The light fall of rain was just enough to hide the tears of those in attendance at the Elkin Memorial Day Celebration.
Most people think of Memorial Day as a time for grilling out with flags as an afterthought.
Spending time with friends and family is certainly worthwhile, and remembering to put out your flag is always a good idea no matter what time of the year, but Memorial Day is so much more.
We are lucky to be in a community that recognizes veterans faithfully, although we can always do a better job.
It’s not very often that I hear about people around here treating veterans poorly and many of the local businesses give discounts for veteran status.
Whereas every day we should recognize those who have served or are actively doing so, on Memorial Day we have the opportunity to take time to recognize the loss caused by service.
Although I never served myself, Memorial Day is a significant holiday to me. Because my grandpa’s best friend died in his place, he was able to return from war and become the man that I knew.
I am here because that soldier died.
Everything my grandpa did and taught us happened because that soldier died.
Out there somewhere another family had to go through the suffering of that loss because that soldier died.
When that soldier died, there was another kind of loss that I cannot help but recognize on Memorial Day.
Because sometimes the greatest sacrifice is living after loss.
Many people come back from their service changed individuals.
You can’t help but be different when you see those things in combat.

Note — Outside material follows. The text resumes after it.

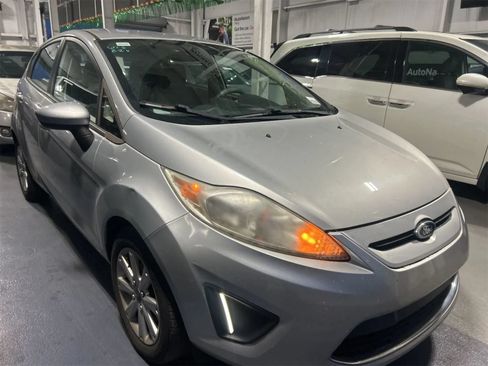 Used 2012 Ford Fiesta SE FWD image 6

You should be different after you have done what you must do in combat.
Some of the soldiers did not lose their ability to breathe, but they did lose their lives. They lost their families. They lost years of their children’s development. They lost the ability to believe that people were basically good. They lost their ability to believe in themselves.
There is not a soldier who hasn’t lost something.
So as much as I appreciate those service people who lost their lives in combat, today I want to say thank you to those who lost other things. For those unrecognized challenges you have and are overcoming know that you are appreciated.
Whether you served in Vietnam or Afghanistan, Kuwait or Korea, welcome home.